History

United States
- Name: USS Octorara
- Namesake: A creek in Pennsylvania named for an Indian word meaning running water.
- Builder: Southern shipbuilding Co., San Pedro, California
- Launched: 10 September 1921
- Christened: as La Purisima
- Acquired: 11 September 1944
- Commissioned: 11 September 1944 at Oakland, California
- Decommissioned: 8 April 1946
- Stricken: 1947 (est.)
- Fate: Sold 28 February 1947 and scrapped

General characteristics
- Displacement: 11,579 tons
- Length: 407.4 ft (124.2 m)
- Beam: 51 ft (16 m)
- Draft: 25.5 ft (7.8 m)
- Speed: 10 knots (19 km/h)
- Complement: 88
- Armament: 2 × 3 in (76 mm) gun mounts

= USS Octorara (IX-139) =

Tanker

USS Octorara (IX-139) was a tanker originally loaned to the Soviet Union during World War II and then returned to the United States in 1944. She was then commissioned by the U.S. Navy and served as a tanker for the remainder of the war.

==Leased to the USSR==

Octorara, a tanker built in 1921 as La Purisima by Southern shipbuilding Co., San Pedro, California, was lent to the Soviet Union under Lend-Lease early in World War II.

==World War II service==
=== Commissioned at Oakland, California===

Upon return to the United States she was acquired by the U.S. Navy 11 September 1944; and commissioned the same day at Moore Dry Dock Company, Oakland, California.

===Assigned to the Pacific campaign===

Octorara was assigned to Service Squadron 8 Pacific Fleet.
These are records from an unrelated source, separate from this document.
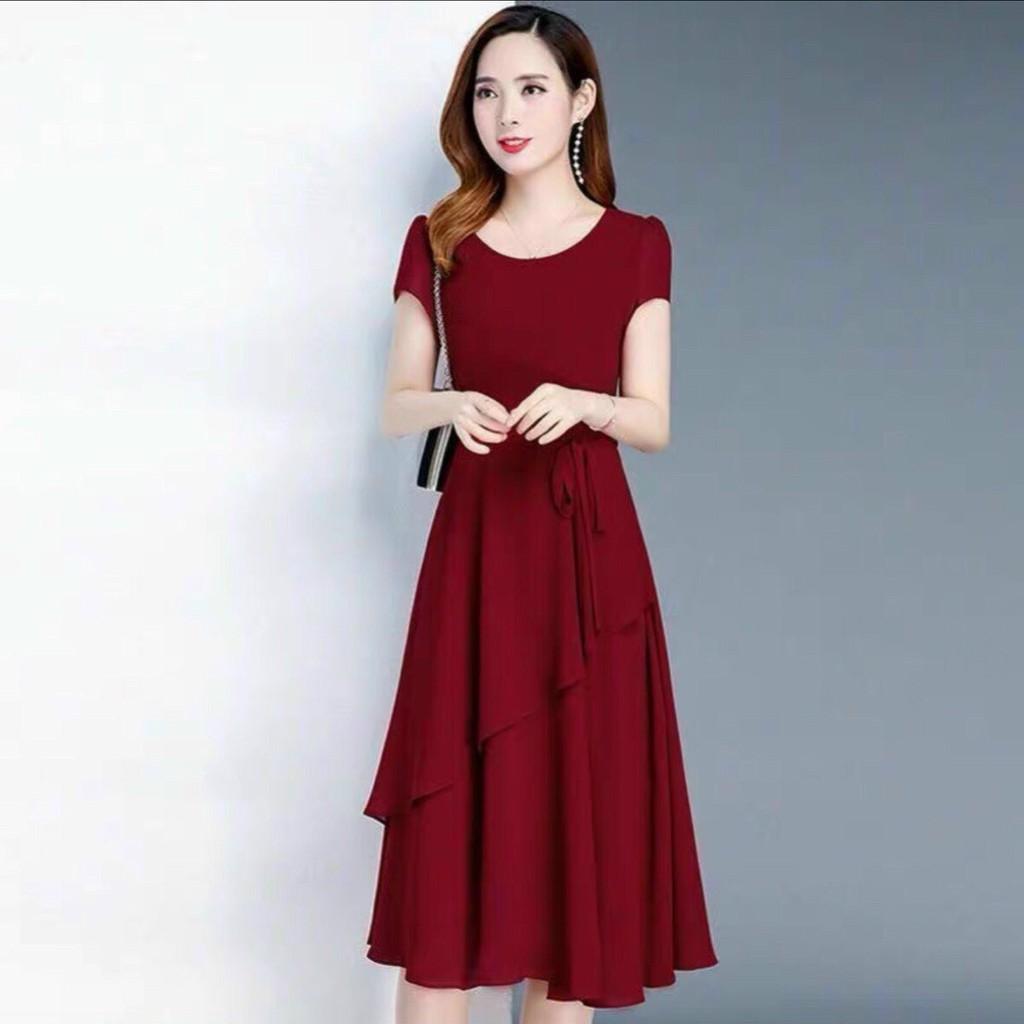 ĐẦM VOAN CHIFFON CÓ LỚP LÓT,THIẾT KẾ HỌA TIẾT TRƠN NHƯNG KHÔNG KÉM PHẦN SANG TRỌNG THỜI TRANG KME.STORE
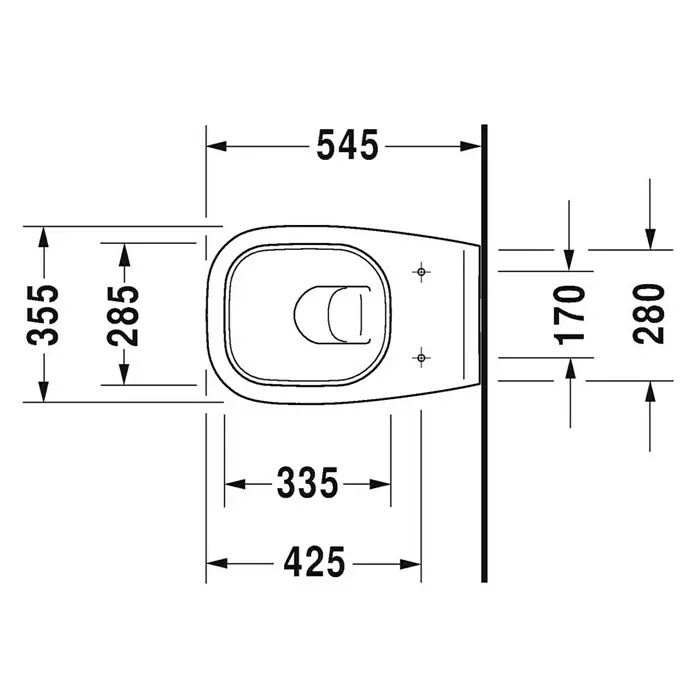 Duravit D-Code Wand-WC - Mit Spülrand, Ohne Spezialglasur, Spülform: Tief, WC Abgang: Waagerecht, Weiß
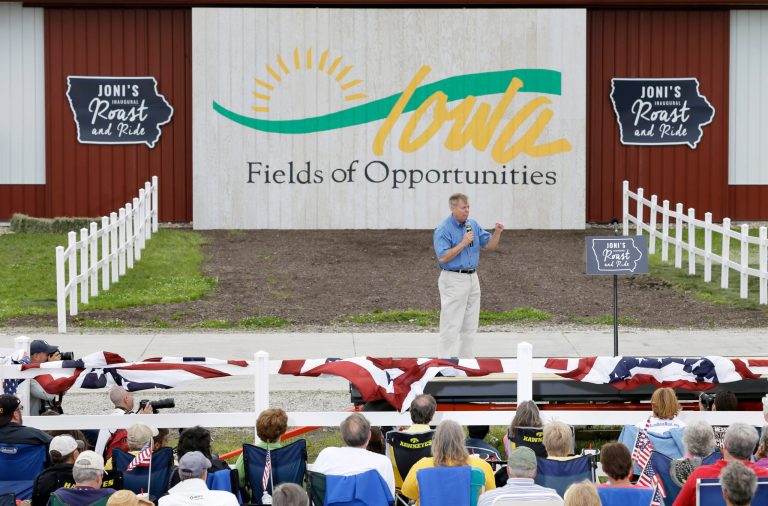 More than 1,500 Iowa Republicans packed a fairground in Central Iowa last Saturday to spend the day meeting and hearing from the GOP presidential contenders. Republican presidential candidate Sen. Lindsey Graham, R-S.C., speaks during the fundraiser. (AP Photo/Charlie Neibergall)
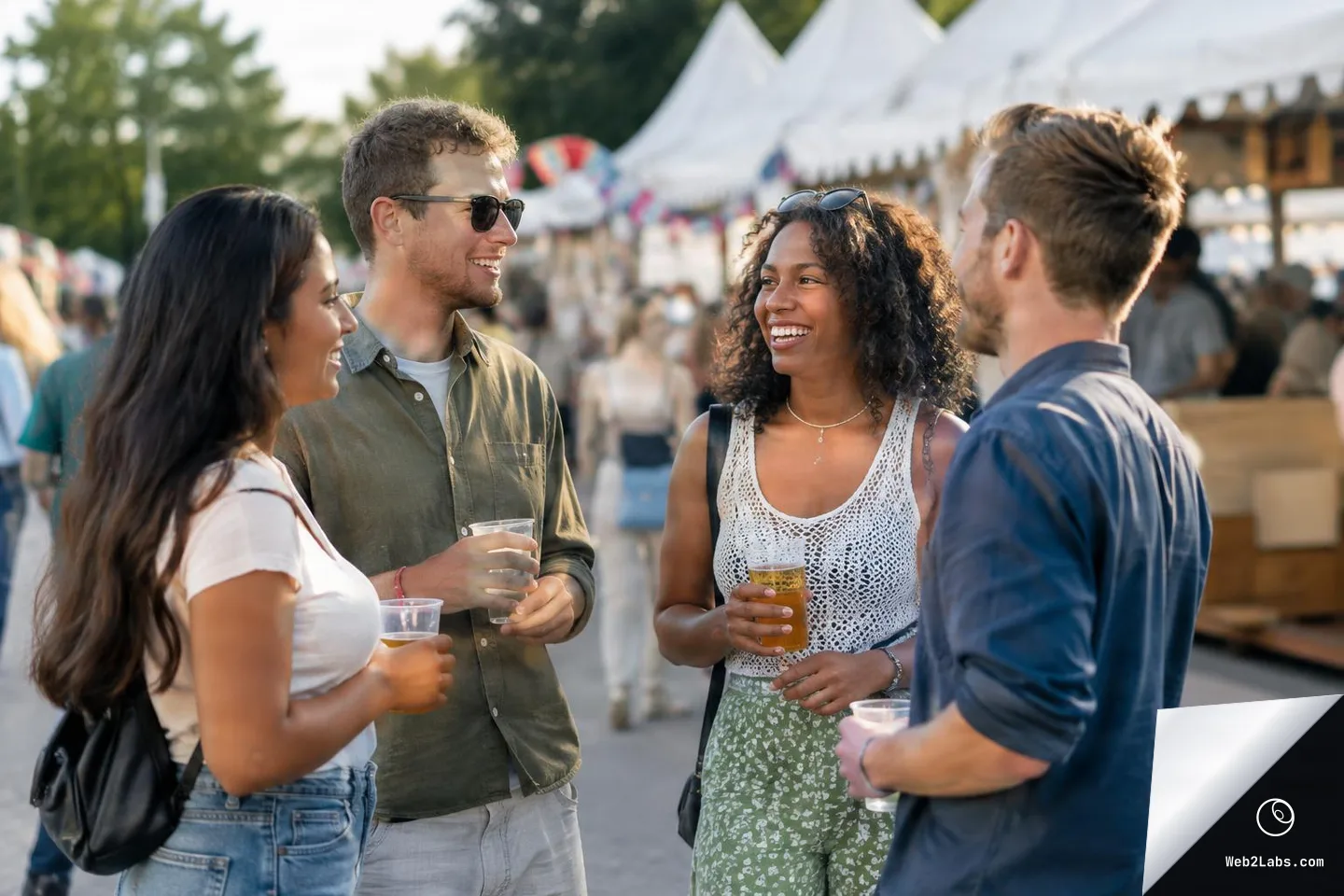 Four friends stand in a small circle talking and smiling at an outdoor street festival, holding plastic cups with drinks, with vendor tents and a crowd blurred behind them.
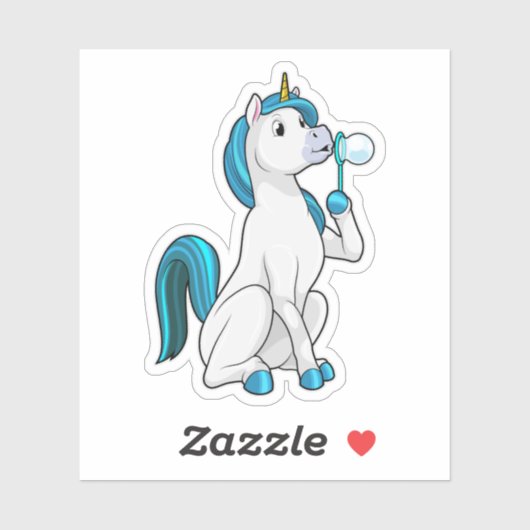 Unicorn with Soap bubbles Sticker (Vel)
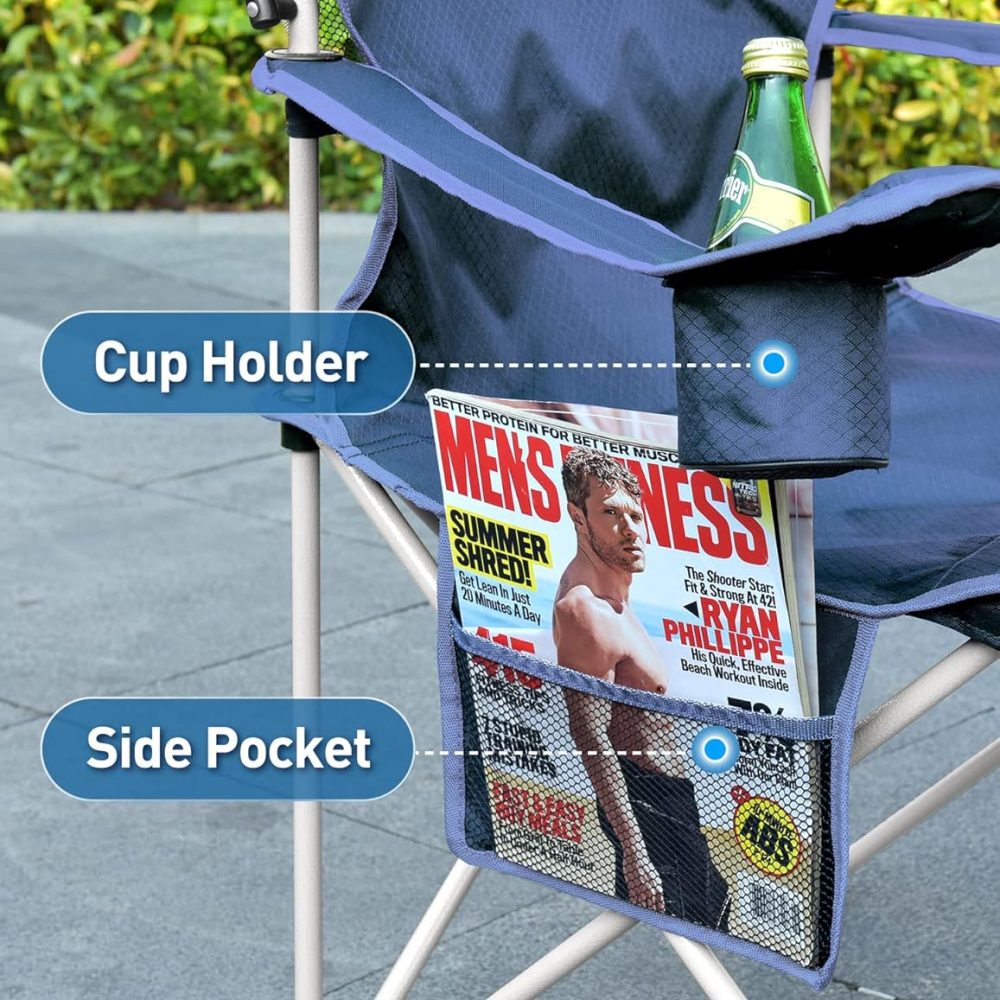 Beach Chair with Canopy Shade, Folding Camping Chair with Canopy with Cup Holder, Side Pocket for Camp, Beach, Tailgates, Fishing - Support 330 LBS - Image 4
After necessary repairs, the tanker loaded a cargo of bunker oil and 100 octane gasoline and on 14 October 1944 departed San Francisco Bay for the Marshall Islands.

Arriving Eniwetok, via Pearl Harbor, 6 November, she discharged diesel oil to and on the 15th got under way with a convoy for the Caroline Islands. Octorara remained at Ulithi for a month (21 November–22 December), dispensing diesel and aviation gasoline to the Fleet, before proceeding to Kossol Roads, Palau Islands, for fueling operations until June 1945.

Octorara departed Kossol Roads 7 June 1945, and on the 10th arrived in San Pedro Bay, Leyte, Philippine Islands. She continued fueling operations in the Pacific Ocean until after the Empire of Japan surrendered.

==Post-war decommissioning==

Returning to the U.S. East Coast early in 1946, the tanker decommissioned 8 April and was transferred to the War Shipping Administration the same day. She was sold to Pinto Island Metal Co. 28 February 1947 and scrapped.